On October 6, 1961 plaintiff presented a verified petition, supported by affidavits and other documents, to vacate the order of dismissal of May 1, or alternatively, to vacate the order of September 8 which had vacated the reinstatement of June 13. No counter-affidavits were filed by defendants denying any of the allegations of the petition, but the petition was summarily denied by the court and this appeal followed.

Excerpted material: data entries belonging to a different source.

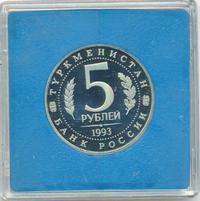 5 рублей 1993 года ЛМД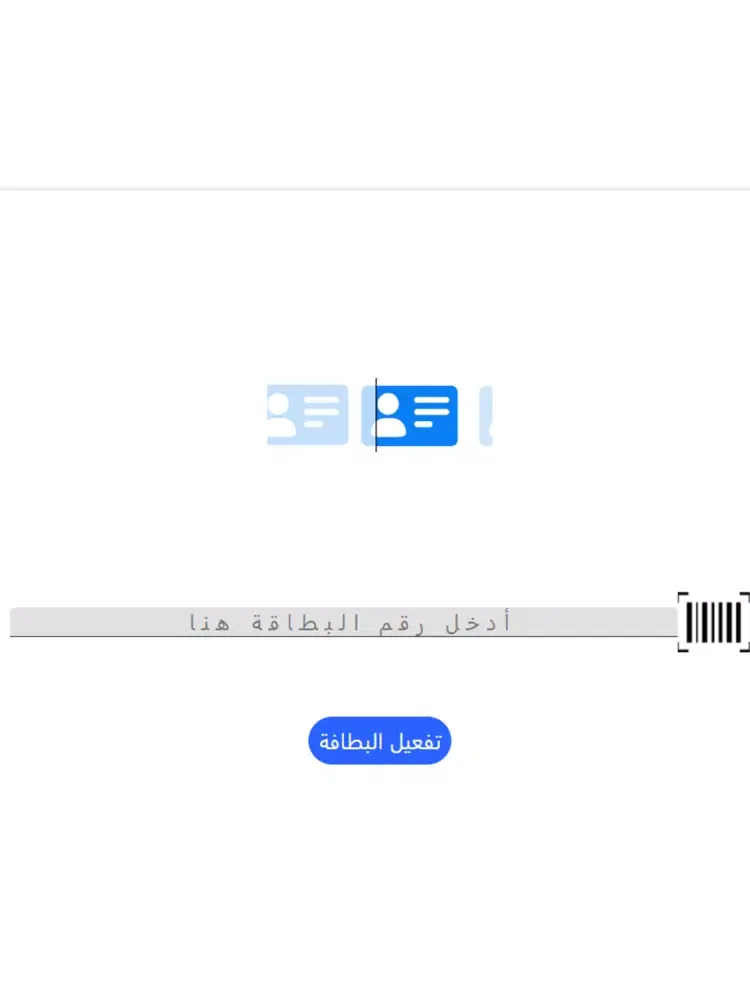مساعد صحتي iPad  स्क्रीनशॉट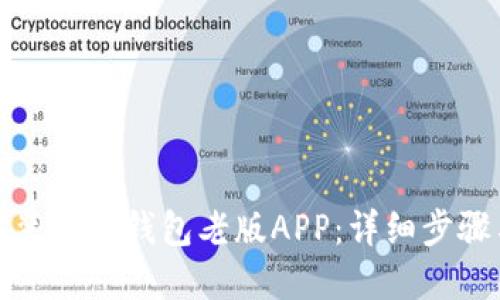 优质

如何下载安装华为钱包老版APP：详细步骤与注意事项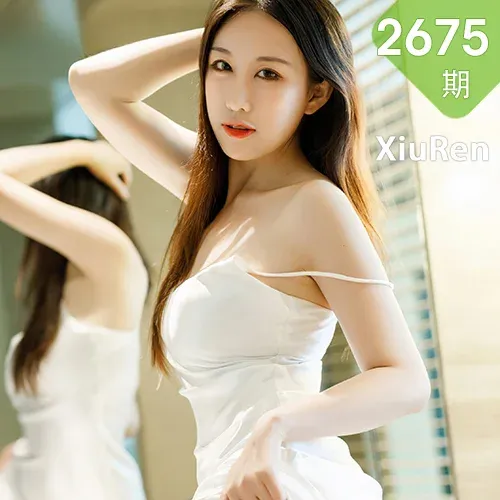 XiuRen 秀人 No.2675  月音瞳 华丽蕾丝吊裙睡裙朦胧黑丝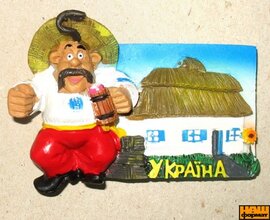 Магніт "Україна"7 - фото книги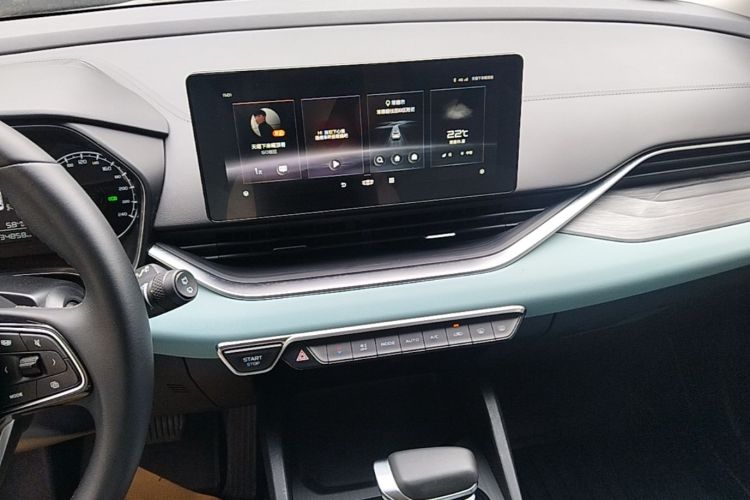 GEELY Emgrand S 2022 car image #13
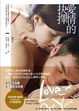 Cover of 愛情的抉擇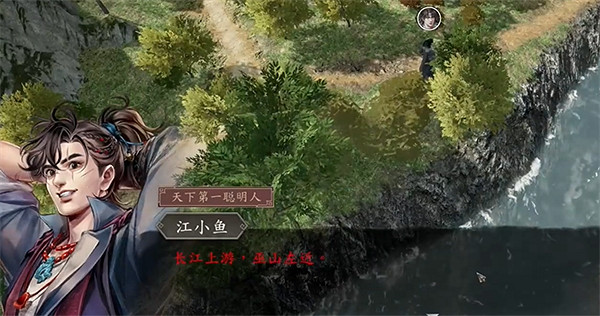 《古龍風雲錄》莊客史蜀雲入夥攻略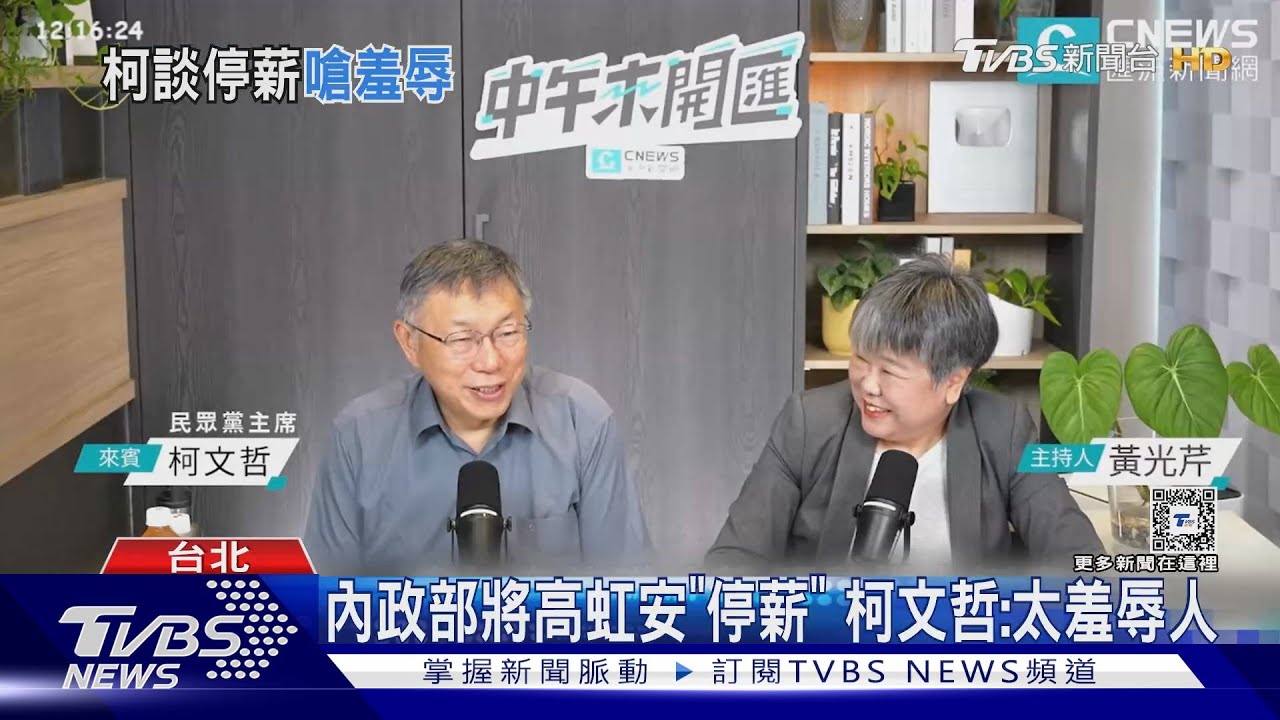 內政部將高虹安「停薪」!柯文哲:太羞辱人
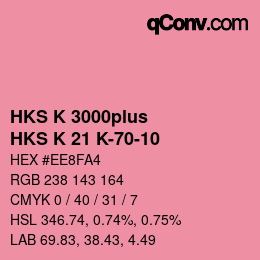 カラーコード: HKS K 3000plus - HKS K 21 K-70-10 | qconv.com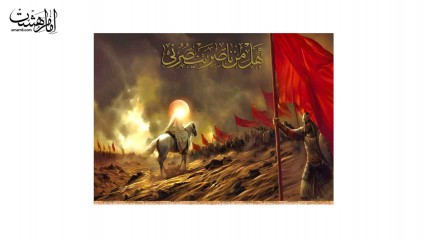 کتیبه پشت منبری امام حسین(ع) با متن "هَلْ مِنْ ناصِرٍ یَنْصُرُنی"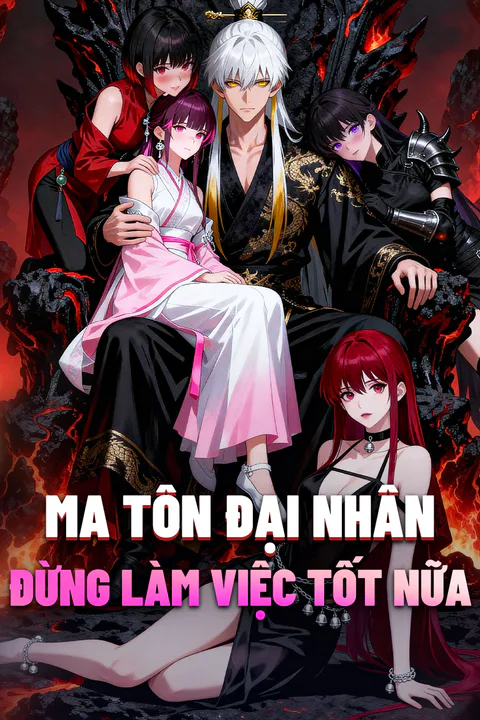 Poster Ma Tôn Đại Nhân Đừng Làm Việc Tốt Nữa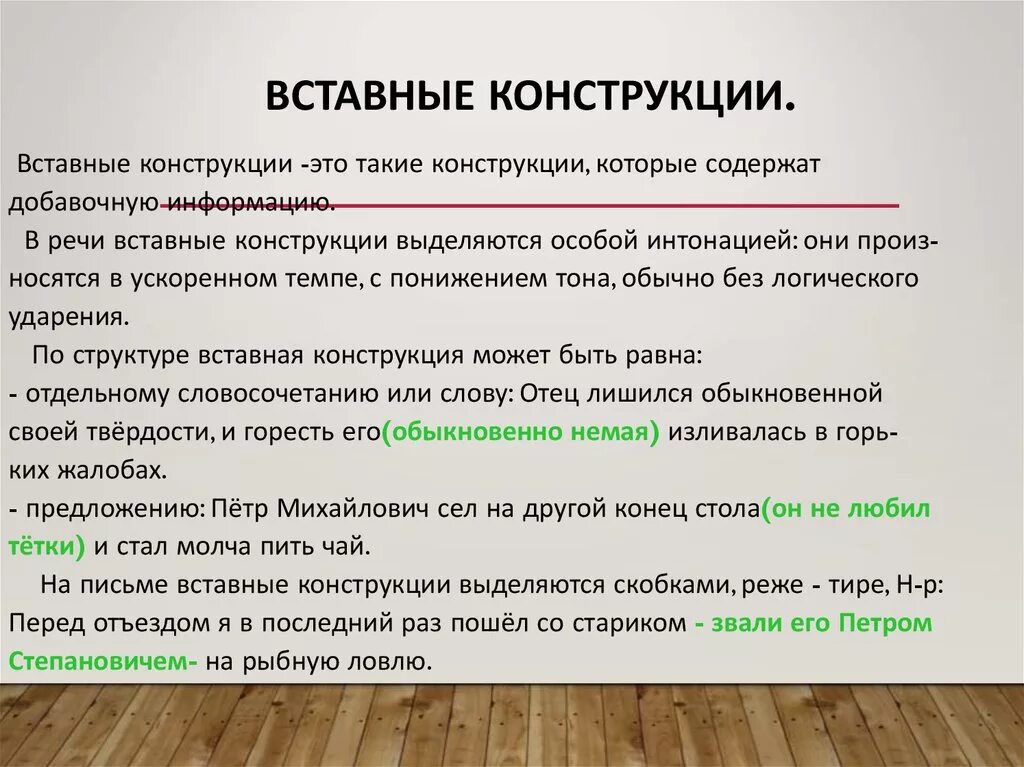 Определить способы выражения вводных и вставных конструкций. Вставные конструкции. Вставные конструкции в русском языке. Вставные конструкции примеры. Встпвояная конструкцич.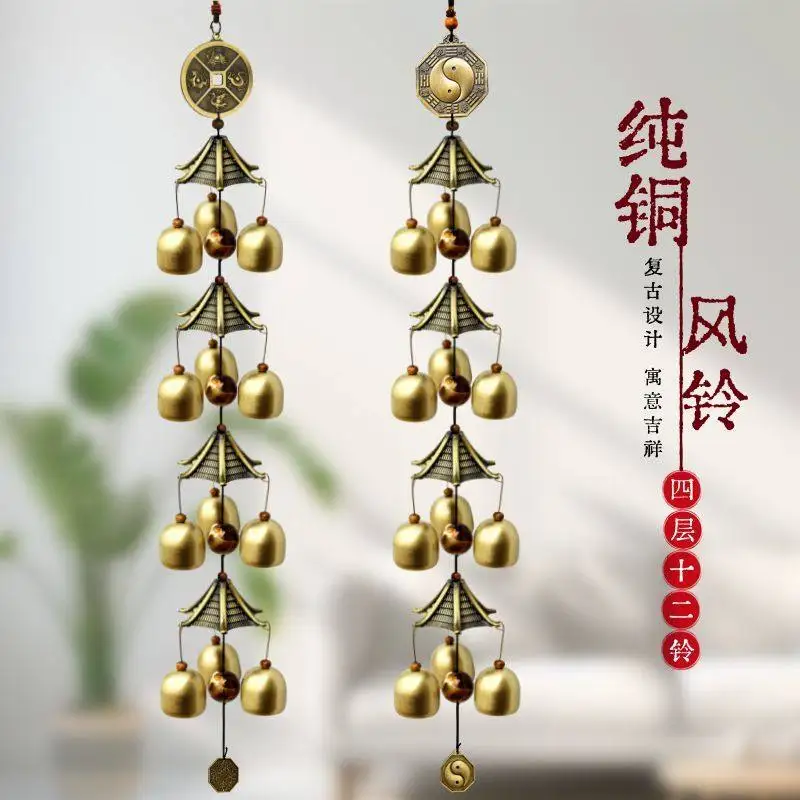 

Ветряной колокольчик-подвеска для входной двери, комнатный ветряной колокольчик, подвеска для балкона, ветряной колокольчик для дома.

Our opinion rests on the following grounds. The order of September 8, which vacated the order of reinstatement of June 13 because the latter was after term time, is erroneous. The applicable rule derived from the cases is that a court may vacate or modify its judgment, after it has otherwise lost jurisdiction through the passage of time, when all the parties to the suit consent to it. Brown v. Miner, 408 Ill 123, 96 NE2d 530; Steinhagen v. Trull, 320 Ill 382, 151 NE 250; Reisman v. Central Mfg. Dist. Bank, 316 Ill App 371, 45 NE2d 90. The stipulation to vacate the order of dismissal was a valid and binding stipulation which the defendants cannot challenge on *451the basis of some mental reservation not expressed in the stipulation. That the court regarded the stipulation as valid when the case was reinstated on June 13 is evidenced by the fact that in the subsequent vacating order of September 8 the court manually struck out that portion of the prepared order which found that no valid stipulation had been filed. The policy of the courts is to enforce stipulations fairly made relating to the conduct of suits, unless good reason is shown to the contrary. People v. Spring Lake Drainage & Levee Disk, 253 Ill 479, 493, 97 NE 1042; Chicago & N. W. Ry. Co. v. Hintz, 132 Ill 265, 23 NE 1032. Defendants contention that the stipulation was not intended to be used after 30 days from the entry of the order of dismissal is without merit because no such limitation was expressed in the stipulation, and no showing has been made as to any improper use of the stipulation.

Likewise there is no foundation in fact or law for defendants’ attorney’s argument that he was without authority to execute such a stipulation which could be binding beyond thirty days. There was apparent authority, and the stipulation was executed without containing any time limitation. The stipulation is binding upon the client. American Car Co. v. Industrial Comm., 335 Ill 322, 167 NE 80; see Village of Dolton v. Dolton Estate, 331 Ill 88, 162 NE 214.

Plaintiff’s verified petition of October 6, from which this appeal was taken, was supported by affidavits and other documents showing why the cause was properly reinstated and should not have been vacated. No counteraffidavits were filed denying any of the allegations of the petition. The equities are strongly with the plaintiff; defendants have admitted liability.

The order of September 8 vacating the reinstatement was erroneous, and it was consequently an abuse of *452discretion to deny plaintiff’s petition of October 6, 1961 asking to have the September 8 order vacated. The orders of October 6 and September 8 are reversed and set aside, and the cause is remanded with directions to reinstate the order of June 13 which itself reinstated the. cause and placed it on the trial call.

Plaintiff’s requests for further relief centering on the rule to show cause are not properly before us because the motion on which they are based was never ruled on by the lower court.

Reversed and remanded with directions.

FRIEND, P. J. and BURKE, J., concur.